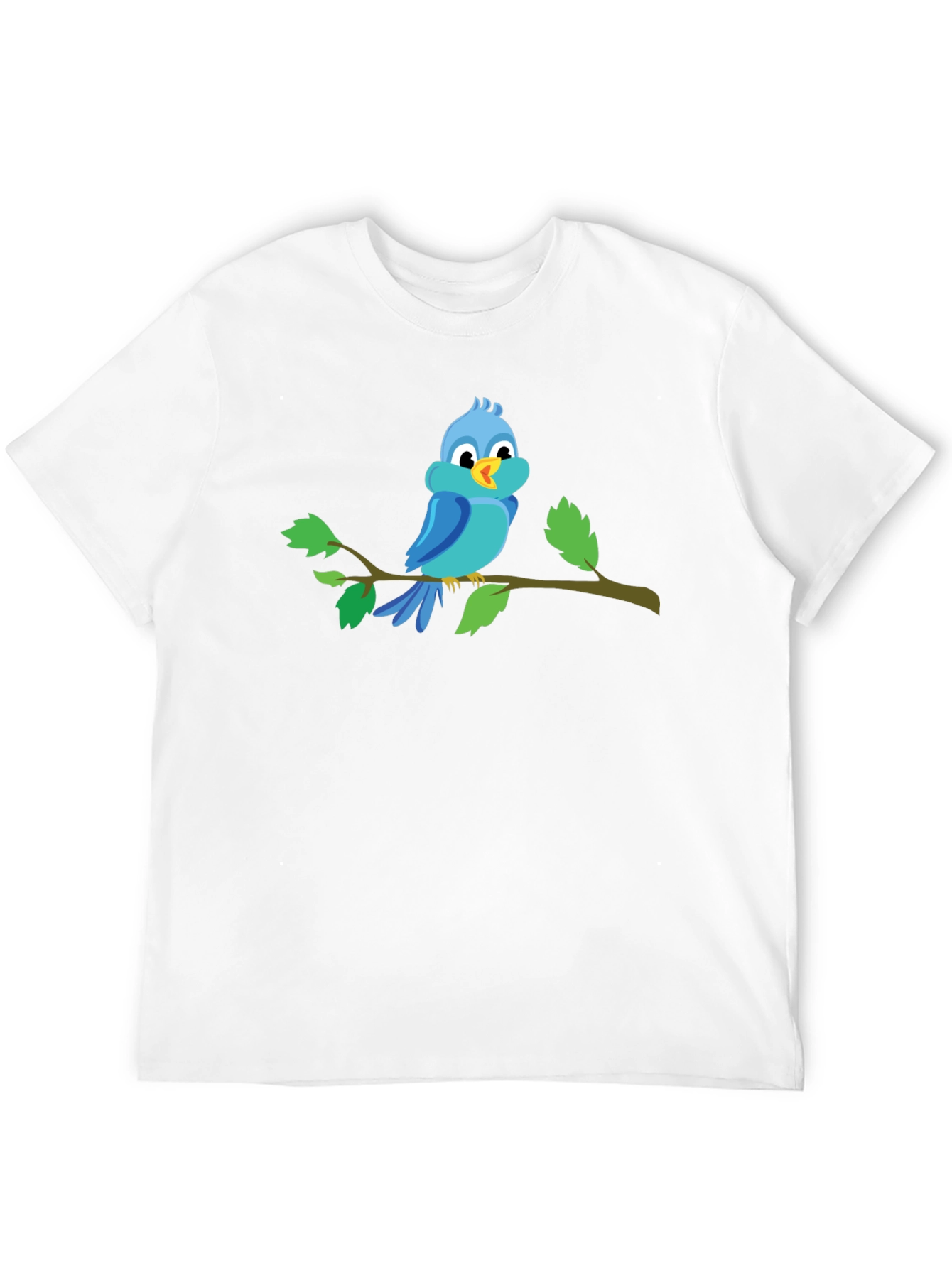 Cartoon Blue Bird Perched on Branch Graphic T-Shirt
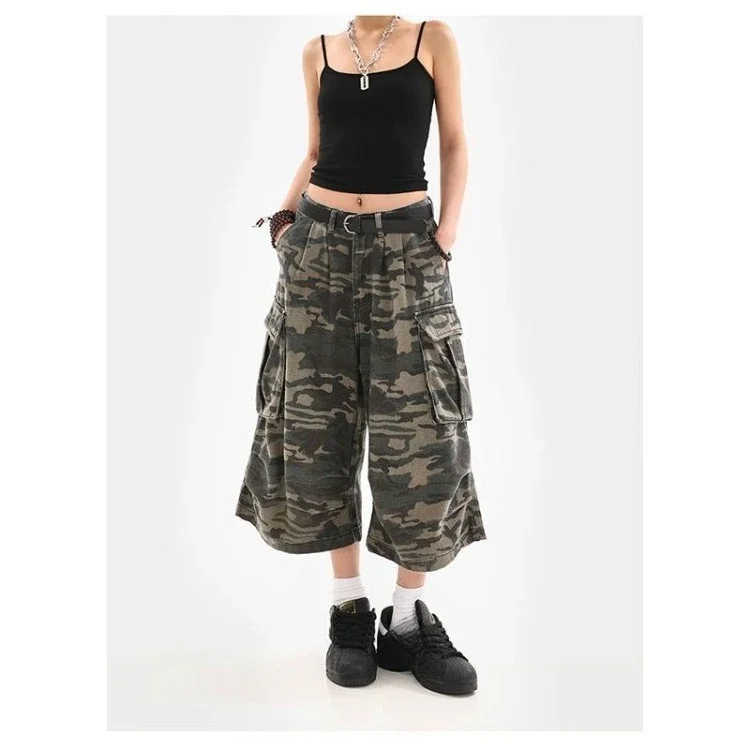 American Retro Camouflage Short Pants For Women Trendy Fashion Calf- Length Pants Straight Loose Casual Wide Leg Shorts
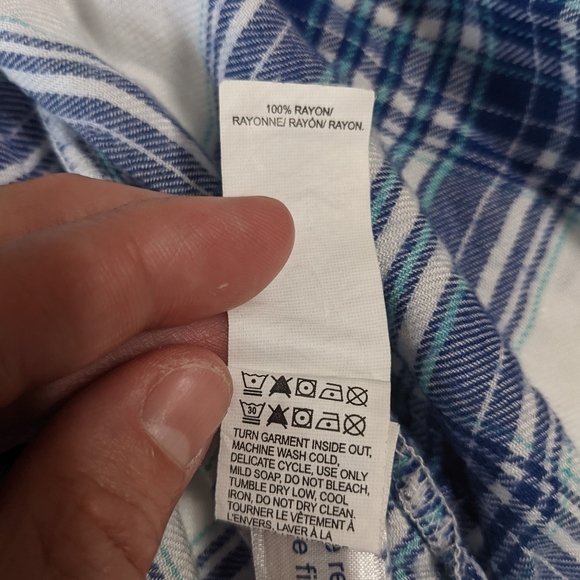Lucky Brand Short Sleeve Button Down Shirt Pockets Blue White Plaid XS - Picture 2 of 8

**Task statement**
Reproduce the whole listing verbatim. Pictures stay out of the copy.

**Answer section**
 Cartoon Blue Bird Perched on Branch Graphic T-Shirt
 American Retro Camouflage Short Pants For Women Trendy Fashion Calf- Length Pants Straight Loose Casual Wide Leg Shorts
Lucky Brand Short Sleeve Button Down Shirt Pockets Blue White Plaid XS - Picture 2 of 8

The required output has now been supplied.